The basic model is that throughout life people encounter “events.” Most of the time people respond to the event and learn how to deal with it. The response is “adaptive” (Ellis, 2003). The experience gained in successfully coping with a life event represents growth and is used to help with the next life event. Sometimes an event comes along and we don’t adapt. Our response is called “maladaptive” (Ellis, 2003). Or more simply, most of the time when life events happen we find a response that works, but sometimes what we try doesn’t work. Then we need a new approach.

I Must be Crazy

Professor Catherine Sori, PhD liked to tell us that “the definition of crazy is continuing to do the same thing and expecting a different result.” So… when a response doesn’t work, something has to change.
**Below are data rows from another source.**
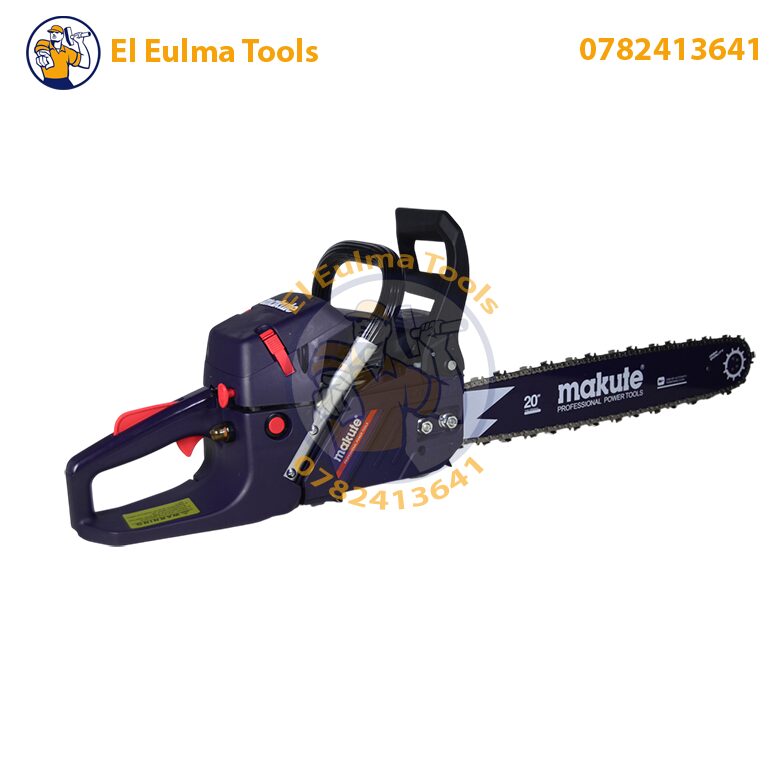 DSC0482-Photoroom.jpg Scie à chaîne essence 2600W 54.6cc 11500rpm 20" MAKUTE GC2301 – Image 2
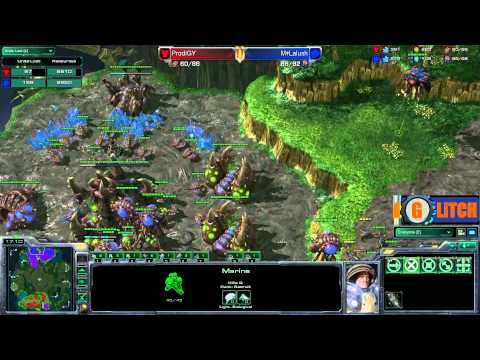 MǂLalush (Z) v Polt (T) G3 Shattered Temple from GIGABYTE Cup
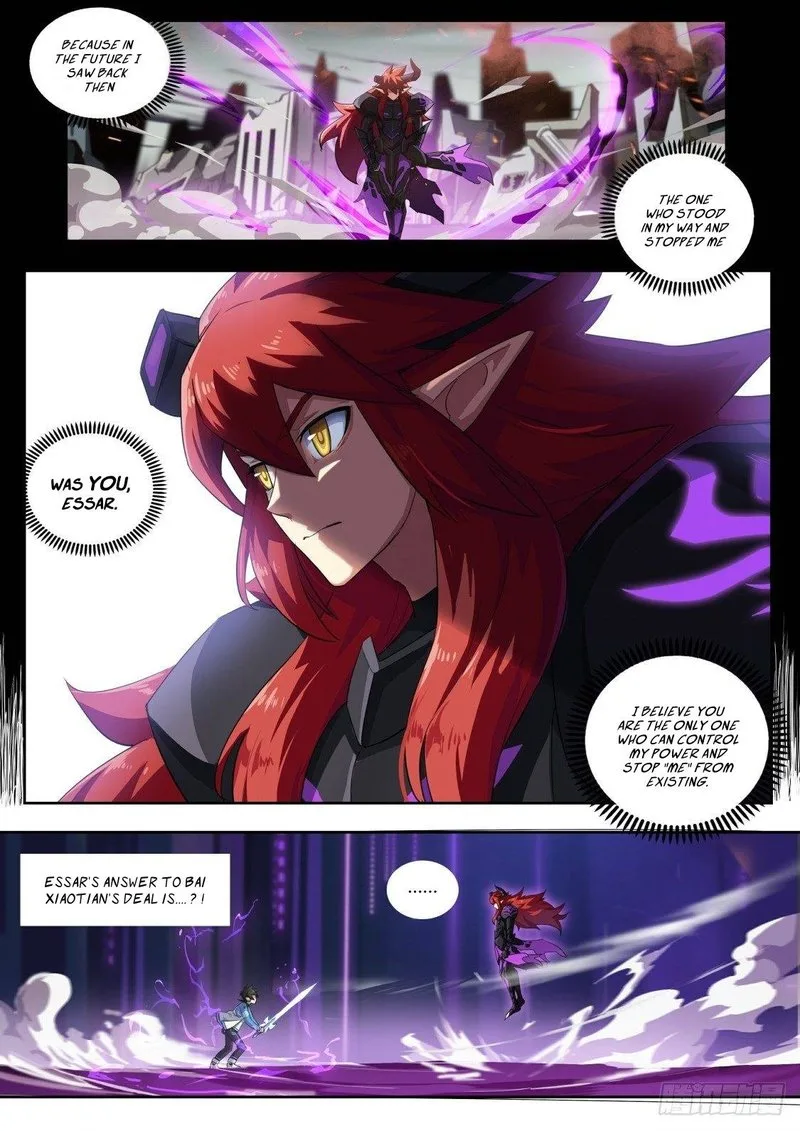 Aola Star: Parallel Universe Chapter 64 page 12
People are very capable of learning from their own experience and many correct what is not working by themselves. However, sometimes people get stuck or get tangled in some way and haven’t found a way to change what they are doing. That is a good time to think about counseling.

Finding What Works

In counseling a client there are three phases described as Exploration, Insight, and Action. This structure was emphasized in my internship by Professor Byron Waller, PhD, and detailed in the book Helping Skills (Hill, 2004). During exploration the client and I explore their past experience to answer questions like “So, what brought you here?”, or “How was your anger this week?” This is a continuing process, may take several sessions, and is revisited in a looping fashion. Insight takes place when we begin to understand what is going on and especially how past experience is influencing current action. This one can be very surprising for the client. Action is that part where the client begins to “do something different”, avoids the repetition error pointed out by Dr. Sori, and finds an approach that works. The new result encourages permanent changes in how clients respond to situations in their life.